La Banque mondiale a approuvé, le 19 mai 2026, un projet de 100 millions de dollars pour améliorer les conditions de vie et l’accès aux services essentiels dans le district des Montagnes, à l’ouest de la Côte d’Ivoire. Baptisé COSO West, ce projet doit bénéficier à environ 1,8 million de personnes en élargissant l’accès à des services de base inclusifs et à de nouvelles opportunités économiques.
Réduire les disparités régionales
Malgré la bonne santé globale de l’économie ivoirienne, l’ouest du pays reste marqué par de fortes inégalités. Dans le district des Montagnes, la pauvreté rurale atteint 54%, tandis que l’accès à l’eau courante reste très faible, avec 9,5% des ménages concernés au niveau du district et seulement 0,6% dans les zones rurales. Le projet vise à réduire ces écarts en intervenant dans 35 sous-préfectures des régions du Tonkpi, du Guémon et du Cavally.
Selon Marie-Chantal Uwanyiligira, directrice de division de la Banque mondiale pour la Côte d’Ivoire, le Bénin, la Guinée et le Togo, l’objectif est de faire en sorte que la croissance nationale se traduise par des améliorations concrètes dans la vie quotidienne des populations. Le projet prévoit notamment des infrastructures résilientes dans les domaines de la santé, de l’éducation et de l’eau potable.
Soutenir l’emploi et les revenus
COSO West prévoit aussi des subventions ciblées pour soutenir les moyens de subsistance d’environ 46 000 bénéficiaires, dont 27 000 jeunes et 15 000 femmes. Ces appuis doivent aider les populations à lancer ou développer des activités génératrices de revenus durables.
Le projet entend également renforcer les économies locales à travers des investissements dans les infrastructures de chaîne de valeur, comme les installations de stockage et les unités de transformation.

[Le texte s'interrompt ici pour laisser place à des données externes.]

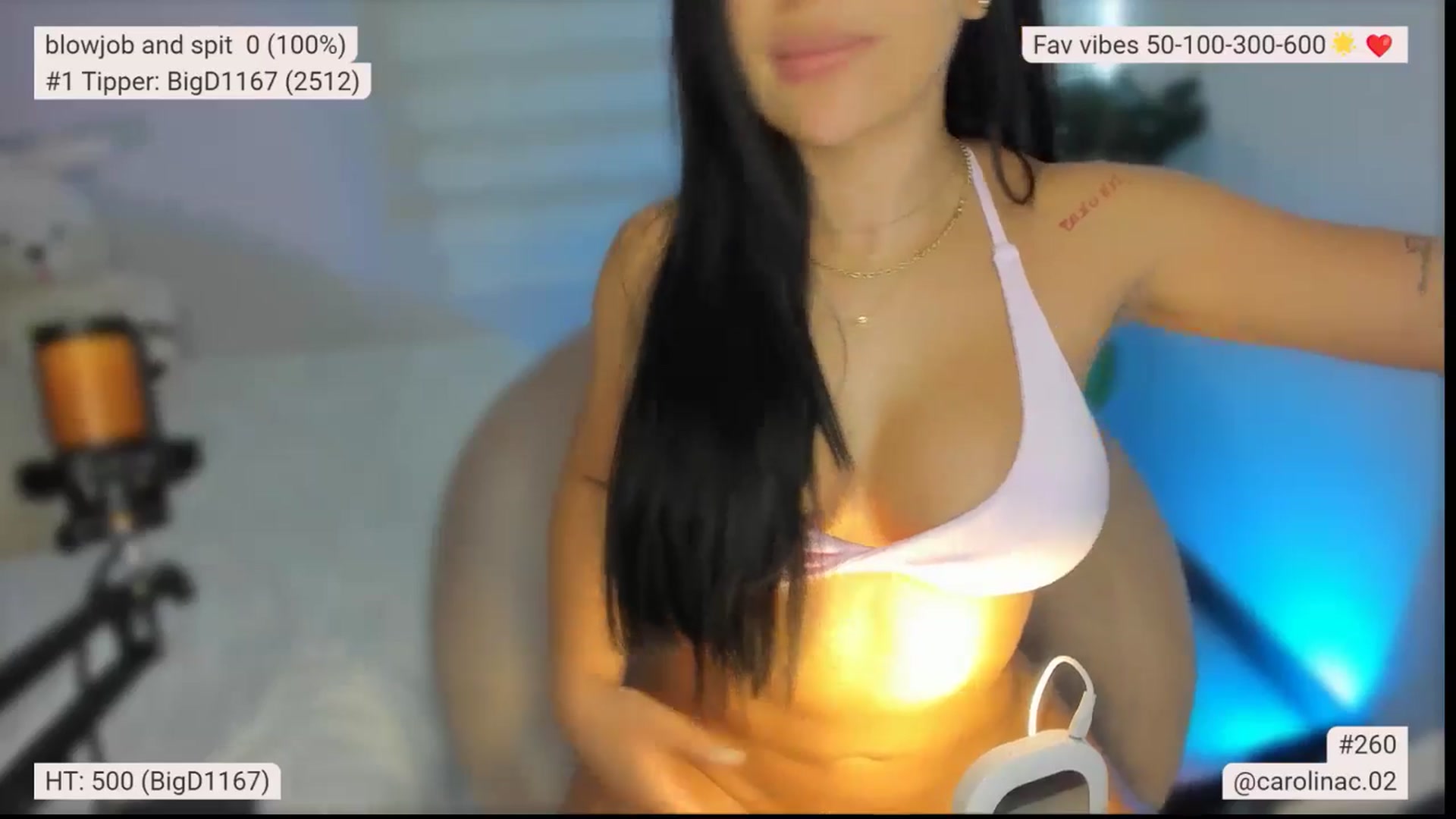 Gallery image thumbnail from Caro_Cano's myfreecams stream on, 06/10/2025, 18:53 image 14 of 20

Ces équipements doivent stimuler les filières agricoles, créer des emplois et ouvrir de nouvelles opportunités commerciales dans les communautés concernées.
Une approche centrée sur les communautés
S’appuyant sur l’expérience du projet COSO Nord, cette nouvelle phase place les populations locales au centre de la prise de décision. Un indice de ciblage géospatial sera utilisé pour orienter les interventions vers les zones les plus vulnérables, afin de mieux répondre aux besoins prioritaires.

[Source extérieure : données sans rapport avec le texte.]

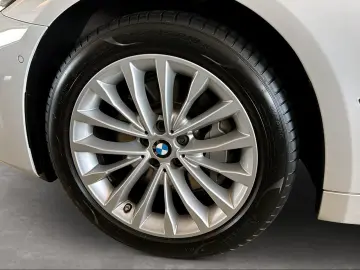 BMW 530i xDrive Limousine LiveCockpitProf Head-Up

Le projet ambitionne aussi de renforcer la gouvernance locale et la cohésion sociale. À ce titre, il prévoit de porter à 30% la part des femmes dans les postes de direction des comités de développement villageois, structures chargées de la mise en œuvre au niveau local.

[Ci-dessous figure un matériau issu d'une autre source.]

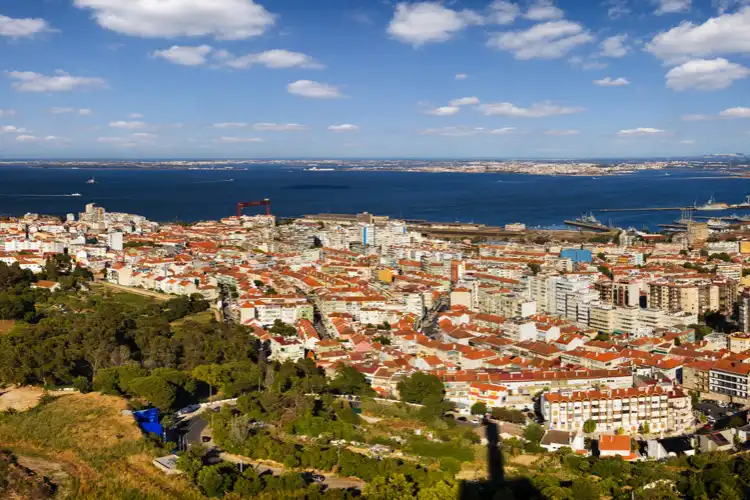 Almada é uma das cidades mais caras de Portugal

Un accès accru aux services essentiels
Au total, COSO West doit permettre à environ 1,8 million de ruraux vulnérables d’accéder à des services de base et à des activités génératrices de revenus. Le projet prévoit également d’étendre les services d’eau de base à au moins 360 000 personnes.
Par cette initiative, la Banque mondiale veut contribuer à combler le retard de développement de l’ouest ivoirien et à faire en sorte que la croissance économique bénéficie davantage aux populations les plus vulnérables.
Source : Banque mondiale, communiqué de presse n° 2026/072/AFW, 19 mai 2026.